The launch marks an important moment for the museum and those ‘District Sixers who’ have contributed to its development over ten years. Replete with storytelling, craft and recipes, the book places a spotlight on the stories of ex-residents from the District and how food was often the connecting element between families and communities forcibly removed from District Six. The beautifully layered book is published by the District Six Museum and Quivertree Publishers.

“The title, Huis Kombuis (directly translated from Afrikaans, means ’home kitchen’), was inspired by descriptions of kitchens in participants’ homes as being the heart of the home, its central social space. Here traditional recipes were brought to life in the rituals of cooking, eating and the sensory exchange at the kitchen table. Culinary rituals and home craft practices maintained and reinforced deep significances and connections with District Six as a place of home, family and community,” said Tina Smith, curator of the District Six Museum.

This is not a conventional cookbook. Rather, it is a story about food that is deeply rooted in the cultural practice and heritage that exists in the fragile memories of those who were forcibly displaced. The recipes and biographies in the book comprise facets of a collective memory of District Six that unlock complex narratives about family histories and cultural life in the District. For many, the story of food is inseparable from the spirit of place and a sense of belonging.

Stories shared during the group and individual oral history research processes were arranged into themes, threading together stories relating to duties in the kitchen, rituals of daily life, a weekly menu, urban food foraging, shopping, Sunday family meals and festive dishes during Christmas, Labarang, Easter and New Year celebrations.

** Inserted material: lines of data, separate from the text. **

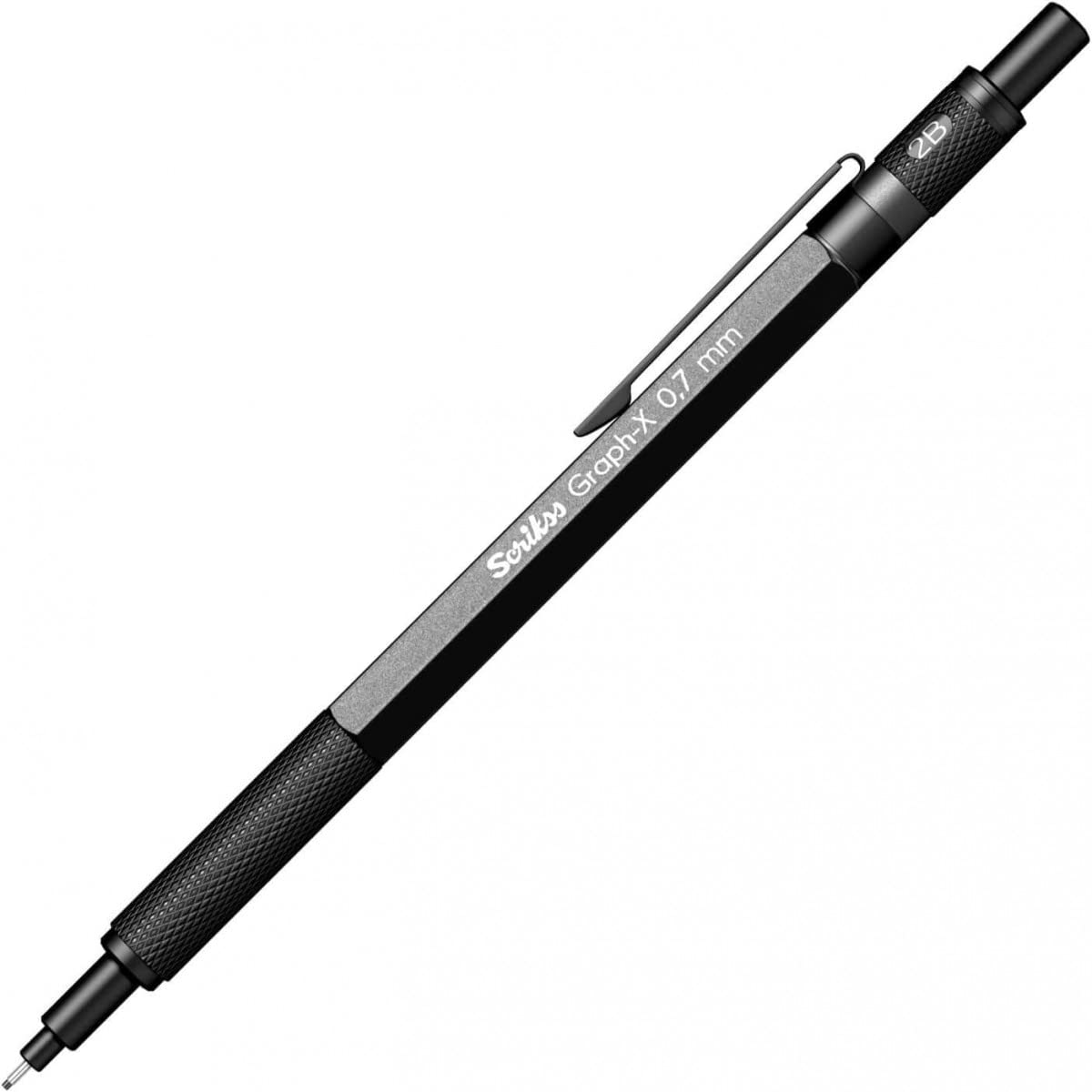 SCRIKSS - Ołówek mechaniczny - Graph-X (matowy czarny, 0,7 mm)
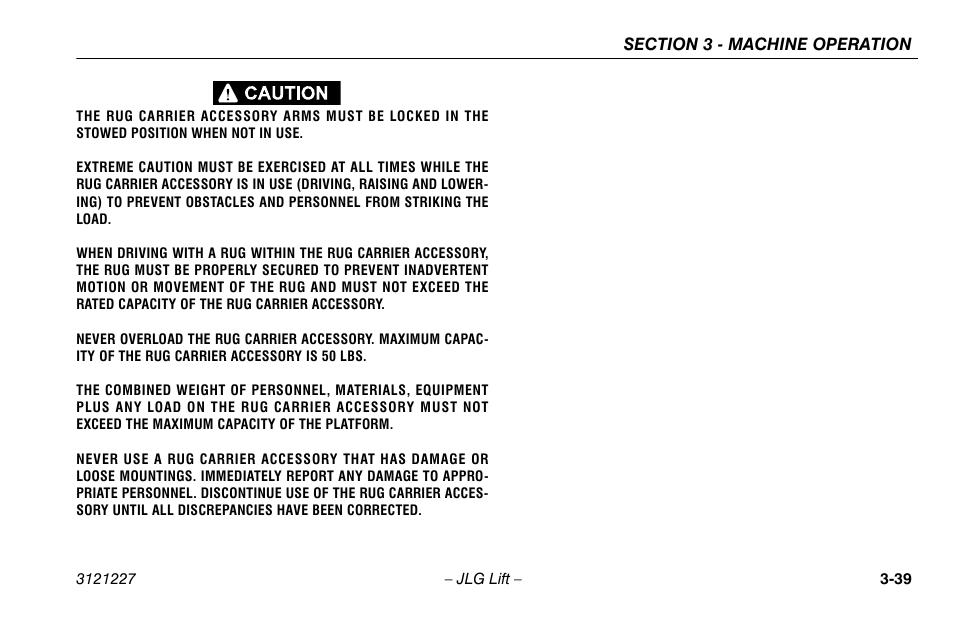 JLG 10MSP Operator Manual User Manual | Page 67 / 96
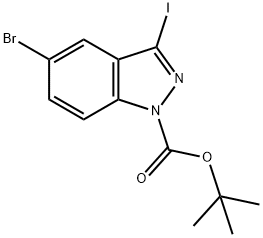 TERT-BUTYL 5-BROMO-3-IODO-1H-INDAZOLE-1-CARBOXYLATE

These themes inspired the various chapters outlined in the book. There were many stories highlighting the importance of trust, respect and tolerance. Kanala, a word embodying a spirit of sharing and helping one another, gave expression to the spirit that characterised a close-knit community, its survival, resilience and humour.

Storytellers remembered how their mothers and grandmothers cobbled together a living through home industries or working ‘in service’. Cooking, baking, sewing and mending skills were honed during these everyday domestic practices, and became a valuable resource as they re-imagined the ‘ordinary’ in District Six.

These valued memories and traditions served as inspiration for drawing, painting, creative writing and remembrances of traditional dishes such as bobotie, tripe and trotters, crayfish curry, smoorsnoek and cabbage bredie, oumens onder die kombers, doek poeding, pickled fish and many more. The hand-crafted recipe cloths featured in the book are creative expressions of an oral tradition that has been passed on and therefore may not always reflect accurate measurements or methods, which makes them unique pieces of memory work.

Stitching these fragile pieces of the past together has opened up fresh possibilities for making new layers of memories. These recipes carry collective memories. In the physical absence of District Six, through memories of time, space and movement, this reawakening of the participants’ sensory experiences has given weight to an emptiness that was once unfathomable. We are shown the richness of this abundant knowledge by a textural emporium of maps, stories, archival material, family photographs, anecdotes, recipes and hand-stitchery.

The emphasis of the cookbook is not on what was lost but rather on affirming rich, diverse cultural values that have kept the memory of District Six relevant. Through remembering and reviving these traditional cuisines we celebrate the lessons of solidarity and share a part of humanity that gave District Six its unique spirit of place.